Annual health care costs for graduate students have been steadily climbing at a linear rate the past few years, from $830 in 2006 to $1,003 in 2009. The subsidy is an attempt to remedy these ongoing increases in living costs faced by graduate students.

“I think this is a very good thing providing this health subsidy… Graduate students get salaries every month for the work they do here at Georgia Tech. However, they are required to have health insurance… A lot of times they have to pay for it out of [their own] pockets. With increased tuition, the increased cost of living in Atlanta, [and] the mandatory student fee, all of these increases and costs to graduate students have made it very hard on graduate students to work for Georgia Tech as research and teaching assistants. In order for Georgia Tech to attract the best candidates for graduate school, they need to offer something that is equivalent to what other universities and our peer institutes offer,” said graduate student body president Linda Harley.

“The majority of our peer institutes pay half if not more than half of the teaching and research assistant’s health insurance benefits. So in that front, Georgia Tech has been behind the curve for a very long time and only now is becoming more in line with what our peer institutes are doing.”

Such an example would be John Hopkins paying 100% of the health care costs of its graduate research students.

With the rash of impending budget cuts, it might seem surprising that Tech is increasing its spending.

“The funds used the supplement the cost of health insurance for GRAs and GTAs were obtained from the Georgia Tech Foundation. There were no state funds used. It is state funds that are subject to the current cuts,” said, Vice Provost for graduate and undergraduate studies Ray Vito.

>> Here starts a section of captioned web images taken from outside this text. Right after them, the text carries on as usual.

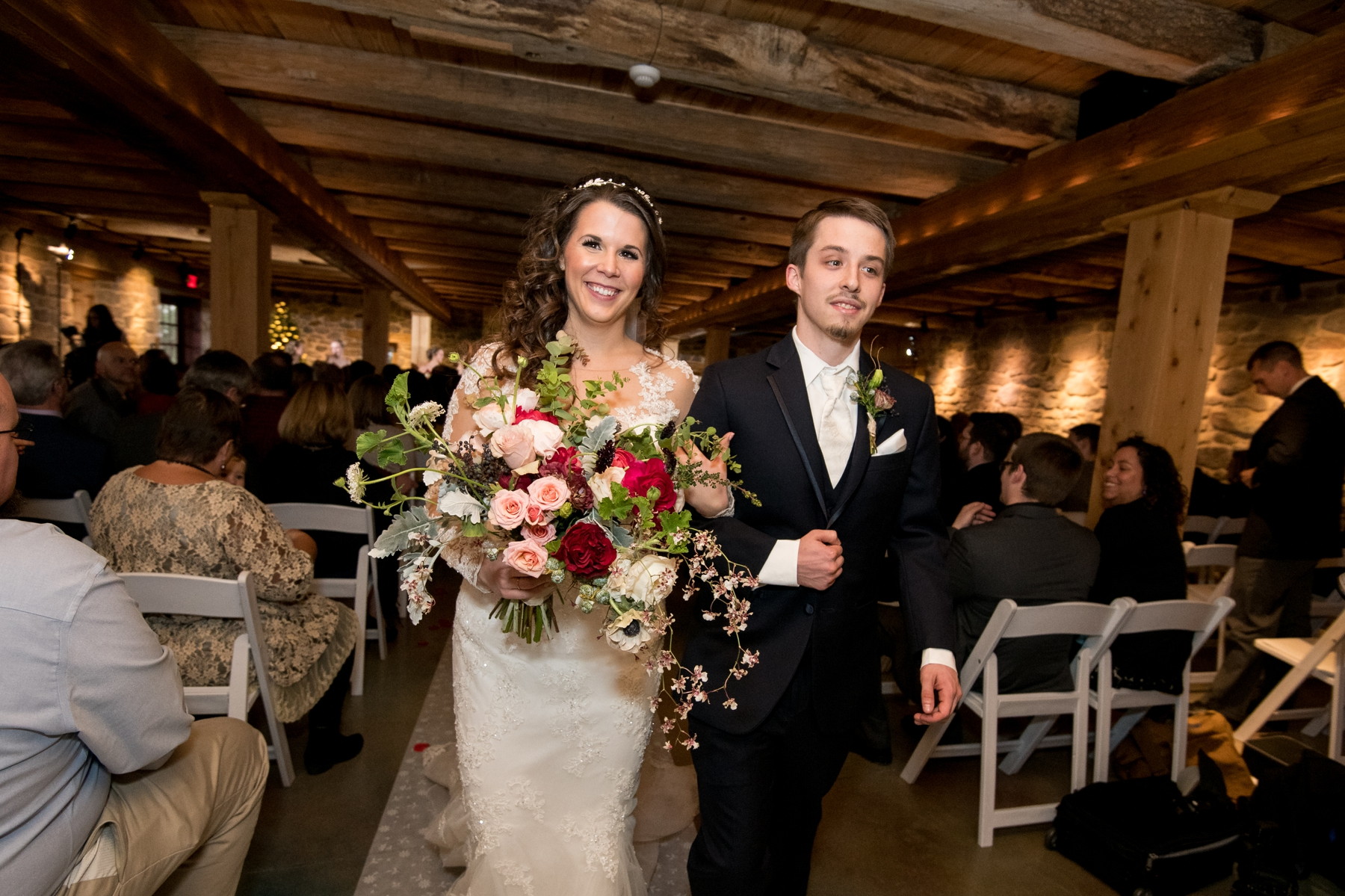 Harvest View Barn Hershey Farms Elizabethtown Pa wedding photography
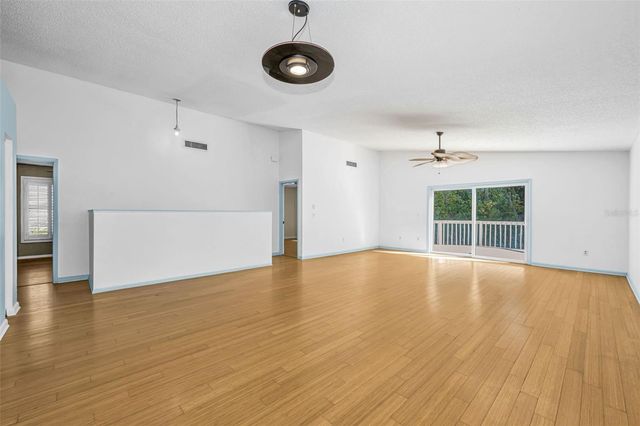 105 PETERSON LANE, Palm Harbor, FL 34683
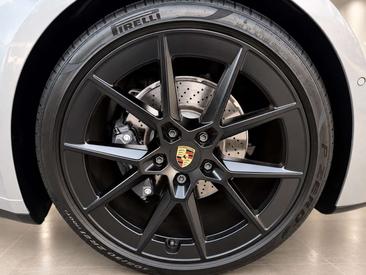 Porsche 911 Cabriolet Carrera — photo 19
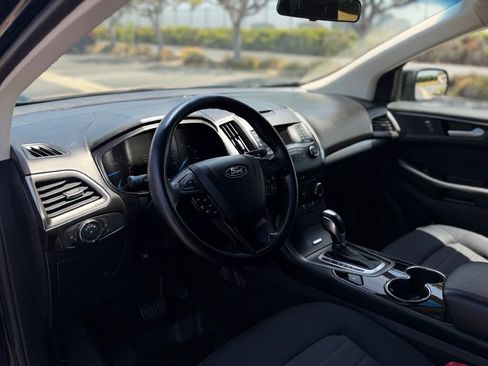 Used 2018 Ford Edge SE FWD image 9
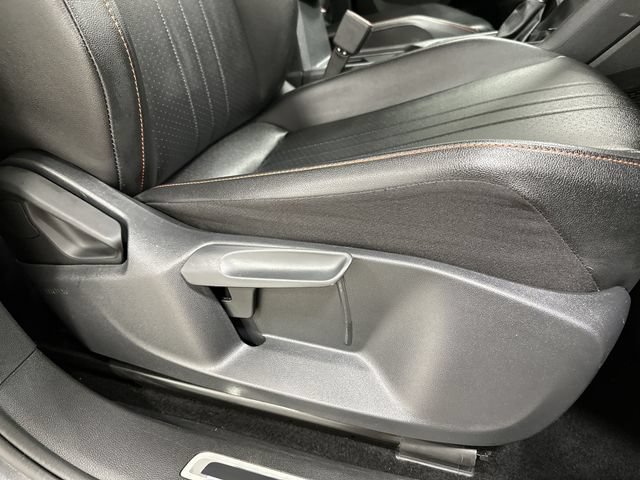 Used 2024 Volkswagen Tiguan SE FWD image 30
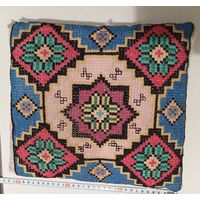 Подушка вышитая,  старинная , винтаж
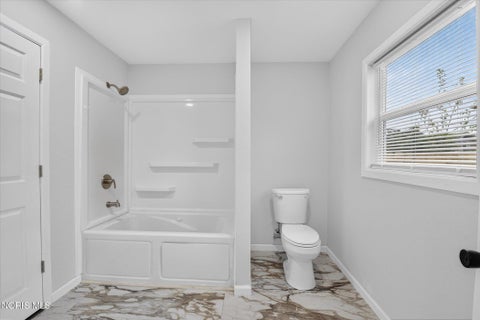 Tiny photo for 1409 Mott Avenue, Toledo, OH 43605 (MLS # 10014845)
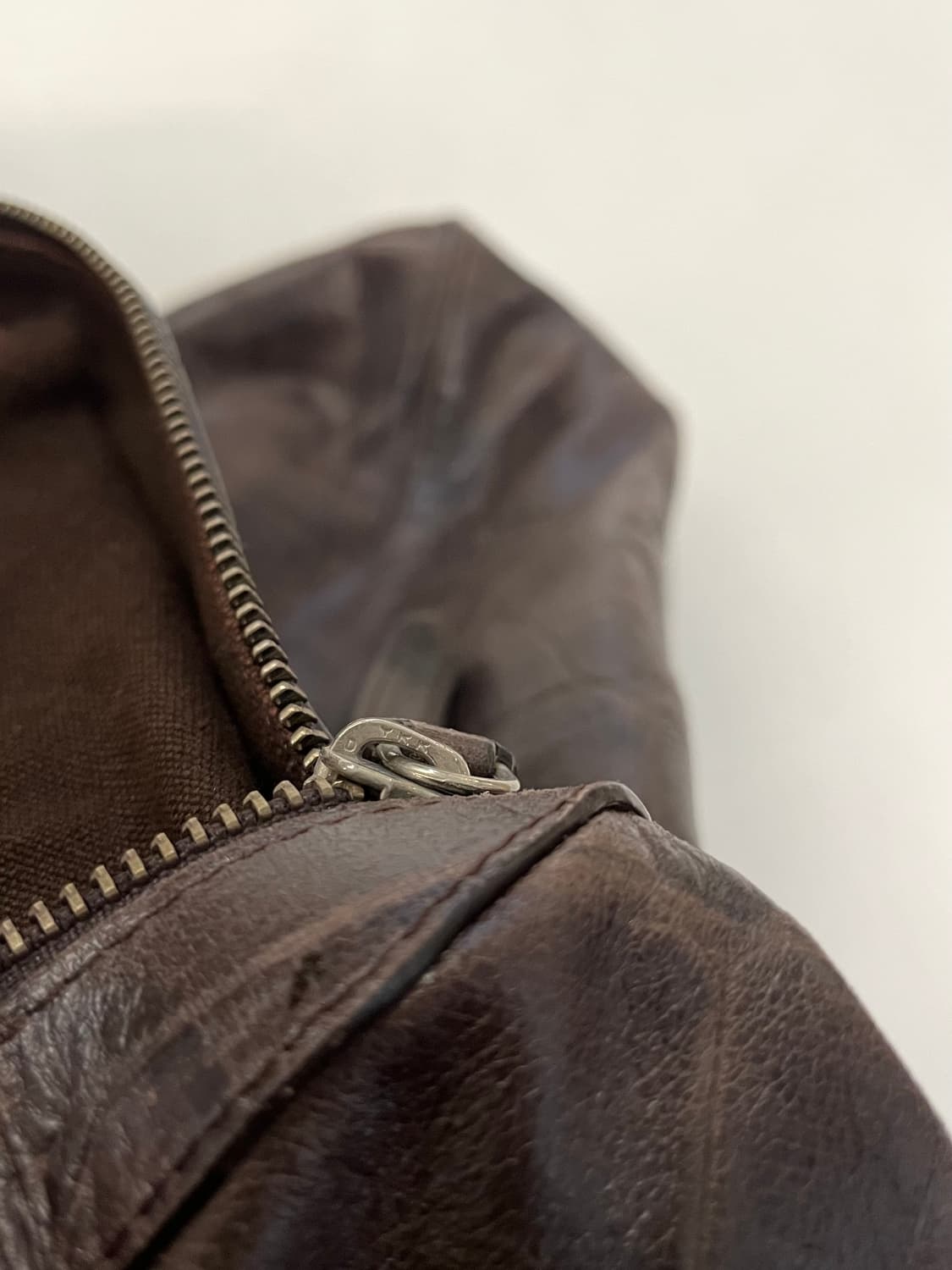 드리스 반 노튼 아카이브 레더 빅 토트백 상품이미지8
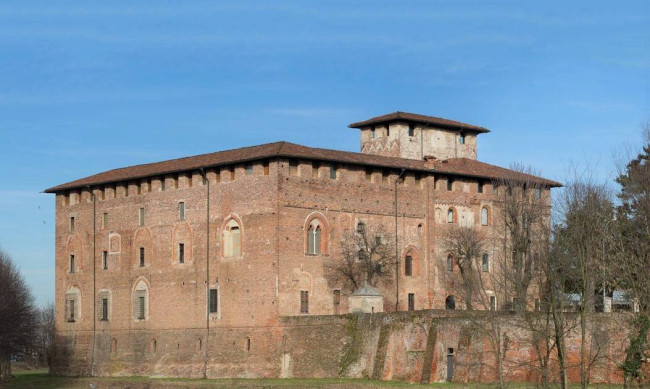 Castello in vendita a Lacchiarella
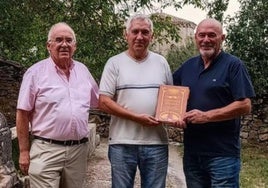 De izquierda a derecha: Amando Herrero Ruiz, Carlos Fuentes Melgosa y Josechu de Miguel Fuentes.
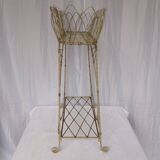 Painted metal planter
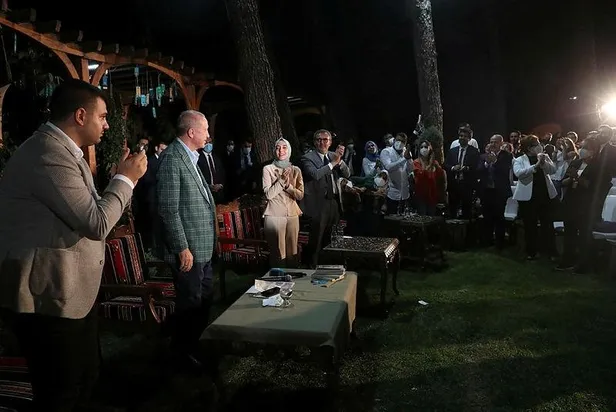 son-dakika-baskan-erdogan-kahramanmarasta-genclerle-siir-gecesi-programinda-bulustu-1631389228025.jpeg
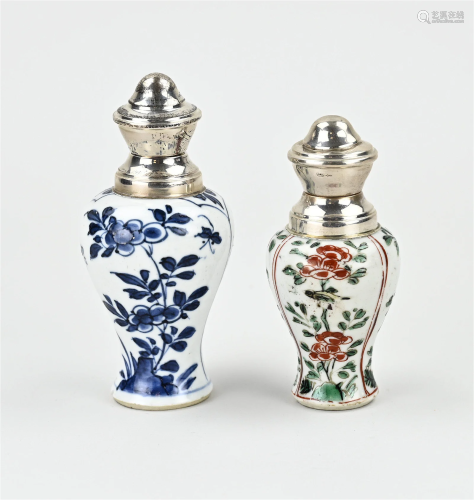 Two 18th century Chinese vases with silver caps, H 12 cm.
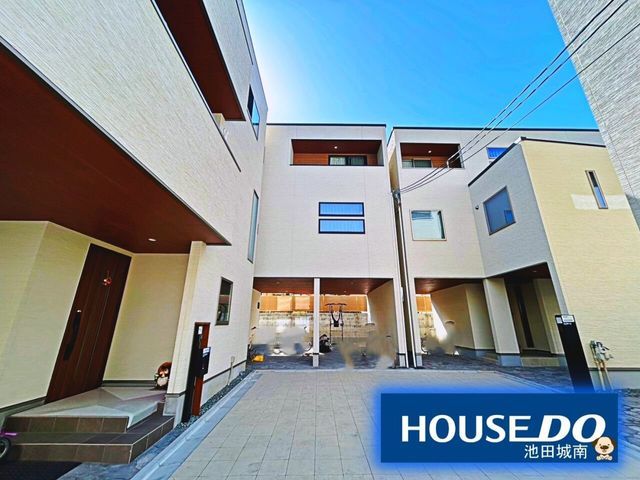 Modern 3-Story Wooden House for Sale in Ikeda, Osaka - Thumbnail 2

“It’s not money that is going to have any noticeable effects, certainly not for [non graduate] students at Georgia Tech. It was a long hard decision because there certainly are fewer resources this year but nothing critical is not going to get done because of these subsidies,” Vito said.

Vito also elaborated on long-term plans that will help reduce costs for graduate students even further.

“The plan would be eventually to build some of these [health insurance] costs into grants and contracts for GRA’s, but that will take several years to happen. It is a legitimate cost of hiring a graduate student [since] the health insurance has to be paid for, so it seems to me if the student is supported on a grant then the grant at some point should be helping the students pay for their health insurance.”